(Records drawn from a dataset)
>>>

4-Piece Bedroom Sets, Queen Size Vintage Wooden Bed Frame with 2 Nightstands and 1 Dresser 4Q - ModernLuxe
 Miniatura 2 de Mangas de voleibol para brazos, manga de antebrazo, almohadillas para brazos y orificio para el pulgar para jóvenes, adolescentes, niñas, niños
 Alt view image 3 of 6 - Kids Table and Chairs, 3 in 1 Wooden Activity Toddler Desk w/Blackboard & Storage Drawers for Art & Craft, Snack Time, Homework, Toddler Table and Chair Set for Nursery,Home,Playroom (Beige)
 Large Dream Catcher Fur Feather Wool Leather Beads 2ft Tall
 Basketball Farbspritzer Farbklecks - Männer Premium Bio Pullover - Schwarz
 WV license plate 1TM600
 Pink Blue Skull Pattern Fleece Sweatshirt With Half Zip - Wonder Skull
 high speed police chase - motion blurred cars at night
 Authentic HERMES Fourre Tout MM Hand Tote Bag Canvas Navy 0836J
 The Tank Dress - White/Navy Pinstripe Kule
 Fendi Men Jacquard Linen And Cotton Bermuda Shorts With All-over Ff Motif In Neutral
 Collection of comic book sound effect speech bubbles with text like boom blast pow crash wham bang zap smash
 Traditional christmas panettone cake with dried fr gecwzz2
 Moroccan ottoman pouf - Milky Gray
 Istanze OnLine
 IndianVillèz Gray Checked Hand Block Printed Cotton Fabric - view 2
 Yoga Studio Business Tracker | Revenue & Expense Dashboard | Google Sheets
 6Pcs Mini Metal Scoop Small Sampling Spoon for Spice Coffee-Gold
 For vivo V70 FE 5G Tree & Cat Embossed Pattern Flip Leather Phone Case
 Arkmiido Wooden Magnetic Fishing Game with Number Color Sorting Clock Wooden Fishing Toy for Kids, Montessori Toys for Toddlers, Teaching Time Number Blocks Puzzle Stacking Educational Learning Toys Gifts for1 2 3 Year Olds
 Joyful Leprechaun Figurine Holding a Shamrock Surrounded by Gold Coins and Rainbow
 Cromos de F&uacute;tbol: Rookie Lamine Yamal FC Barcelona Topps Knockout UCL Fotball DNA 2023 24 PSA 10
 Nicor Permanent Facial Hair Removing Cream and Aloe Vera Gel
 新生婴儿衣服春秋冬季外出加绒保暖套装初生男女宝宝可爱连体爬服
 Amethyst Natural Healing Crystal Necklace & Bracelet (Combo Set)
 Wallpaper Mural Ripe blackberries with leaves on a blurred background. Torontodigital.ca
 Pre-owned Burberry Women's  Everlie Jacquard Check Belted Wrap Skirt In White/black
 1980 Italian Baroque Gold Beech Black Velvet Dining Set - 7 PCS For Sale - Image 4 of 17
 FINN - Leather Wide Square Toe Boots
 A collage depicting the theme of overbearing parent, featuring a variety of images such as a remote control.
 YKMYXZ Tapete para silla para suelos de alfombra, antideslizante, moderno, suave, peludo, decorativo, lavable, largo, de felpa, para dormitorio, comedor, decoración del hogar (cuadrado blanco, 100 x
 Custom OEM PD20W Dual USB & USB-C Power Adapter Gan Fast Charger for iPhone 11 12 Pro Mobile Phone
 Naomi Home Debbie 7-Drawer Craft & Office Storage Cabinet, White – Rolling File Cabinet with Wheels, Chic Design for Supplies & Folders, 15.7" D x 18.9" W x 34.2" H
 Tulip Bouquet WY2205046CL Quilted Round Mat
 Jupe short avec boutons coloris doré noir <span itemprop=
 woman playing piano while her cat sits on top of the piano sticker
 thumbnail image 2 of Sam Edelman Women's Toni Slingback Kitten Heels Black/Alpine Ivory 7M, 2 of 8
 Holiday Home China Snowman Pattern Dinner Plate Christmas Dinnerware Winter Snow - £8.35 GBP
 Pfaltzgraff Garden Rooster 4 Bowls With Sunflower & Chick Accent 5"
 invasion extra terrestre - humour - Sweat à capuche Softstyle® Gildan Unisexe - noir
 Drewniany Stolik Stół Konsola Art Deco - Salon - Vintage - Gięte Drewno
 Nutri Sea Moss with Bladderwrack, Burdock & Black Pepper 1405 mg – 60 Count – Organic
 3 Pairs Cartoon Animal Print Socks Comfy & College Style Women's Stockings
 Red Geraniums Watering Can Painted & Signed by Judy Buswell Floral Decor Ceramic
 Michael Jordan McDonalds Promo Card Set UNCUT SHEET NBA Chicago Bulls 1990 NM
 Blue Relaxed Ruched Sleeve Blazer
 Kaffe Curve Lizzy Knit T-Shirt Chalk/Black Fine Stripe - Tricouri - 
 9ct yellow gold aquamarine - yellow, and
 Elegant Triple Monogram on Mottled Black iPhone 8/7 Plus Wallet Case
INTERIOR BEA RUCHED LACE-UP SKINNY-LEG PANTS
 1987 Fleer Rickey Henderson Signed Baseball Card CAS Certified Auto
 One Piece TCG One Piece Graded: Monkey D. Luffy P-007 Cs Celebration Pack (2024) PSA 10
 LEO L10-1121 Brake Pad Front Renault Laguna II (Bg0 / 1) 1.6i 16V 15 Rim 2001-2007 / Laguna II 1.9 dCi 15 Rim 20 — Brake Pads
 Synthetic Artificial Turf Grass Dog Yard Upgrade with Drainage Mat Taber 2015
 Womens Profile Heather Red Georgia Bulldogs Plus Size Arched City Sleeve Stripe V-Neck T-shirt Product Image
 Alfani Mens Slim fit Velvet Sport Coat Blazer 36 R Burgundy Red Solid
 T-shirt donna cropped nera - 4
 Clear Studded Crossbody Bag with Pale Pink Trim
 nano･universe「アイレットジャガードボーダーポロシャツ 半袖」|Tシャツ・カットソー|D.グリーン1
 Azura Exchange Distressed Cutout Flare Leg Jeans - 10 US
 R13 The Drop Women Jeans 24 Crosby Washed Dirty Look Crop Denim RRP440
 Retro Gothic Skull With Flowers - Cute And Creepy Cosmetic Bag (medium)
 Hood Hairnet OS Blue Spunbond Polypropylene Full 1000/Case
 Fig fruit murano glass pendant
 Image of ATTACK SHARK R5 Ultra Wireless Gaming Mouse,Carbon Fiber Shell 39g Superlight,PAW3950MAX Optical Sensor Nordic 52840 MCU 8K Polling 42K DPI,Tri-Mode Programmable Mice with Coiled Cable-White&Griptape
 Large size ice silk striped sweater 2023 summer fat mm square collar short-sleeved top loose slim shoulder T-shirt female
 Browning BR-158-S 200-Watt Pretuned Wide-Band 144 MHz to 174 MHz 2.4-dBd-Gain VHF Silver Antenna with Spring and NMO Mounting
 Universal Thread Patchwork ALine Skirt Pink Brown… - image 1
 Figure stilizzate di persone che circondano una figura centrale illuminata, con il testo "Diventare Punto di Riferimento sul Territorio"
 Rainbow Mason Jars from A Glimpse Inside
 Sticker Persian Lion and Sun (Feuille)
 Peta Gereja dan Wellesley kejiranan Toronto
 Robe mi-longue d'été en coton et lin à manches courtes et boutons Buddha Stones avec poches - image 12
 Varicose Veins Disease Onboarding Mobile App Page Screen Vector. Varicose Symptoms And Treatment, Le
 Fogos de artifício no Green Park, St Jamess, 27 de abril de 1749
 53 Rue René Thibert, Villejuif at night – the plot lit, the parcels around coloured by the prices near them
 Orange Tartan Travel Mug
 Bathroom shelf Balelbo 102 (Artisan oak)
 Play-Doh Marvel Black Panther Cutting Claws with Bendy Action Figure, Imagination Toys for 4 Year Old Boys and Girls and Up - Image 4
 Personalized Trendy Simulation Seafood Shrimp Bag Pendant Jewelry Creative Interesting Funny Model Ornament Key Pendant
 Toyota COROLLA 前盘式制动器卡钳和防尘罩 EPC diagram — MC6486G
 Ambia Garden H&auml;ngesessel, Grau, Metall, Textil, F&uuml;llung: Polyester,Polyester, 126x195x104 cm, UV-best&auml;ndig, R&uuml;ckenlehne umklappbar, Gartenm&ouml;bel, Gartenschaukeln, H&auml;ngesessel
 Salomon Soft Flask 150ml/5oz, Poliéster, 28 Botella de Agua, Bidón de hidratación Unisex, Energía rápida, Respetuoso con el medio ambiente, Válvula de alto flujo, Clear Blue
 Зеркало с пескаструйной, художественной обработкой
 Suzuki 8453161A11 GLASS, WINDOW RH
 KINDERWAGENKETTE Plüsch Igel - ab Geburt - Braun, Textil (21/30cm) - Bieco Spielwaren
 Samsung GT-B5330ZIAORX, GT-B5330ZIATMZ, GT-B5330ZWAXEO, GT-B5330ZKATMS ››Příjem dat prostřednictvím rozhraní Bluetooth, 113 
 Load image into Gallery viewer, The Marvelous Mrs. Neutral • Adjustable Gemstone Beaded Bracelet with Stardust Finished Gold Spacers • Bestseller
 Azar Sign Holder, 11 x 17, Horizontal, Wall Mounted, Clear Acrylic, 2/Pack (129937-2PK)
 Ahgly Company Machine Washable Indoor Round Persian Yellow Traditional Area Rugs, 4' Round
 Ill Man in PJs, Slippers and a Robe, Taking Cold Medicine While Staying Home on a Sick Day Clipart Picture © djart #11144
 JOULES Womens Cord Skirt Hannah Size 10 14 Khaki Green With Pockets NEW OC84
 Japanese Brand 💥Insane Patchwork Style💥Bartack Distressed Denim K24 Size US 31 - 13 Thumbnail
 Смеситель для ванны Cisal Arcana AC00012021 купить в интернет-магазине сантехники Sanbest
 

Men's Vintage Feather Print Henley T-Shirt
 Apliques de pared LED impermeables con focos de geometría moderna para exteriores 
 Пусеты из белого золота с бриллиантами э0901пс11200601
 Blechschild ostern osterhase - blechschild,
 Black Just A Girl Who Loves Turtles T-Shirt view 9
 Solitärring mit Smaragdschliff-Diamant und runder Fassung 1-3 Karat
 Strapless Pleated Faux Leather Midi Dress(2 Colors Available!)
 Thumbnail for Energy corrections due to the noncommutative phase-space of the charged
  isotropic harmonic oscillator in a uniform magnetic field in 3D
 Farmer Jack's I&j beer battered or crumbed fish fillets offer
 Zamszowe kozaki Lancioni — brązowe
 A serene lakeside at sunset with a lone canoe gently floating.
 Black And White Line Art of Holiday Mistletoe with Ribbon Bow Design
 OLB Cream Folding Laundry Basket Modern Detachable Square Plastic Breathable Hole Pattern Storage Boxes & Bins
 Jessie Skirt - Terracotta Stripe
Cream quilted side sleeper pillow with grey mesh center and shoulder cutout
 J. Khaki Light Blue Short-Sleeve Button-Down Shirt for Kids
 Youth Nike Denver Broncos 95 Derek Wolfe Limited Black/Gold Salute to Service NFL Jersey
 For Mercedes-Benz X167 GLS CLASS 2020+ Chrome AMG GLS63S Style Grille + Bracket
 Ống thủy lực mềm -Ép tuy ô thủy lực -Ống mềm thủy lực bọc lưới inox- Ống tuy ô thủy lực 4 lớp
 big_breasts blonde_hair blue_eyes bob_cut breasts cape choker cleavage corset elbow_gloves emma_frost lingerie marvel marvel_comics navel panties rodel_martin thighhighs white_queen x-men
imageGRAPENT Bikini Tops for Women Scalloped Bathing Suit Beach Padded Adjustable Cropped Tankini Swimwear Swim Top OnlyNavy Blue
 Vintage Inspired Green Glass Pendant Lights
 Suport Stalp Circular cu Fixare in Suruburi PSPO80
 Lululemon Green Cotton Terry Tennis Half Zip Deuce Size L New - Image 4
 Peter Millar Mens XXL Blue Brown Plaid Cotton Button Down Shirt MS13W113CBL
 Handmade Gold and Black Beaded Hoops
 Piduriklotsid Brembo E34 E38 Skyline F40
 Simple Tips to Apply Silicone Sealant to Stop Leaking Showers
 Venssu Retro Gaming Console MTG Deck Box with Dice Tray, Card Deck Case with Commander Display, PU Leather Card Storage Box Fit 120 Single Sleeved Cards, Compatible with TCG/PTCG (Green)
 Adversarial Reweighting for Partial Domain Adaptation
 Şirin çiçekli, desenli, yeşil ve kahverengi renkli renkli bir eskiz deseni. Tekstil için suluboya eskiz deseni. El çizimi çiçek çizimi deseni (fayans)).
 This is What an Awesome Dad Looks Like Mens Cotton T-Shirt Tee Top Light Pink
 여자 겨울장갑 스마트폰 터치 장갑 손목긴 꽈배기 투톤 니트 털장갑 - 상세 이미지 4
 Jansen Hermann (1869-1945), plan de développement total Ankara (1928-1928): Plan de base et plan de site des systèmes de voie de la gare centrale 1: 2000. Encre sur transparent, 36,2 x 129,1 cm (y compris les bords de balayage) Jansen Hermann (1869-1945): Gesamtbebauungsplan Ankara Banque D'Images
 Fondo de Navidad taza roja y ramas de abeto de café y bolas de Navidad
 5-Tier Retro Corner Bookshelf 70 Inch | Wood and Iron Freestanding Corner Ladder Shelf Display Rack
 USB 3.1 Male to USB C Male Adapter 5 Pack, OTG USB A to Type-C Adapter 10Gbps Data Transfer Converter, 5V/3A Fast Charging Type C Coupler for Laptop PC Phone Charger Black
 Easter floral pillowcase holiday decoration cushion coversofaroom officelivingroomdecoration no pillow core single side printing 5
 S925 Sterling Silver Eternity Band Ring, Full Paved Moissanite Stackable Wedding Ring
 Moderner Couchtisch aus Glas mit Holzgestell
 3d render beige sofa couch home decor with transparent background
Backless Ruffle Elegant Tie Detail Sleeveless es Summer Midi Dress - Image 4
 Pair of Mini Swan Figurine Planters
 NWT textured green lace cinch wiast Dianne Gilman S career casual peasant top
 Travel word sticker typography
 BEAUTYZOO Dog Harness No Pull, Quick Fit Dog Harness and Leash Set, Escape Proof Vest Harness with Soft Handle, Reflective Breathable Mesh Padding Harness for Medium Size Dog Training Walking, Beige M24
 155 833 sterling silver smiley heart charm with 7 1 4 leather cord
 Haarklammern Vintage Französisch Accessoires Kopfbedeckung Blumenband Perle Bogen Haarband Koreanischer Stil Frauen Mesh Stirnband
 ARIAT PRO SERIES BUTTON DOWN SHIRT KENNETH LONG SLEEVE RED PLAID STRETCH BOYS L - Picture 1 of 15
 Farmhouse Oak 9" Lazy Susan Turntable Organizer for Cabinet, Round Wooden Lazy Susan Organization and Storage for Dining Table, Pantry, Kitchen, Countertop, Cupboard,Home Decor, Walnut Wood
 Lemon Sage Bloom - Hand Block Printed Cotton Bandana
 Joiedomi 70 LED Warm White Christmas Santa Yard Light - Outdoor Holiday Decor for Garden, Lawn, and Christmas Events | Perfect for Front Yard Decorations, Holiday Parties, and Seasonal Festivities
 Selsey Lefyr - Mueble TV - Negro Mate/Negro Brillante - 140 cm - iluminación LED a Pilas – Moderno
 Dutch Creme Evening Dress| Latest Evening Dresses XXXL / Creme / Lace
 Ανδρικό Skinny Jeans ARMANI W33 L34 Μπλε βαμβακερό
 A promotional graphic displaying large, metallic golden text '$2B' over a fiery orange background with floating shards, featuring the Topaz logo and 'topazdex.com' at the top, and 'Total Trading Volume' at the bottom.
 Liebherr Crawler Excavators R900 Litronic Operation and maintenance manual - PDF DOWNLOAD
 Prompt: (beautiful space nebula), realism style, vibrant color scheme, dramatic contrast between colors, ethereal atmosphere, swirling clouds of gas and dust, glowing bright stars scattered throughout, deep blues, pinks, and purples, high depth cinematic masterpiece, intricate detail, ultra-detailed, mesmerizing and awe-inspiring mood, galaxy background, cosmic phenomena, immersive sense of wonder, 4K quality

<<<

Could you return exactly the lines above from the line with "Holiday Home China" to the line with "Michael Jordan McDonalds", both included, and nothing else?

Result for this exercise =>
 Holiday Home China Snowman Pattern Dinner Plate Christmas Dinnerware Winter Snow - £8.35 GBP
 Pfaltzgraff Garden Rooster 4 Bowls With Sunflower & Chick Accent 5"
 invasion extra terrestre - humour - Sweat à capuche Softstyle® Gildan Unisexe - noir
 Drewniany Stolik Stół Konsola Art Deco - Salon - Vintage - Gięte Drewno
 Nutri Sea Moss with Bladderwrack, Burdock & Black Pepper 1405 mg – 60 Count – Organic
 3 Pairs Cartoon Animal Print Socks Comfy & College Style Women's Stockings
 Red Geraniums Watering Can Painted & Signed by Judy Buswell Floral Decor Ceramic
 Michael Jordan McDonalds Promo Card Set UNCUT SHEET NBA Chicago Bulls 1990 NM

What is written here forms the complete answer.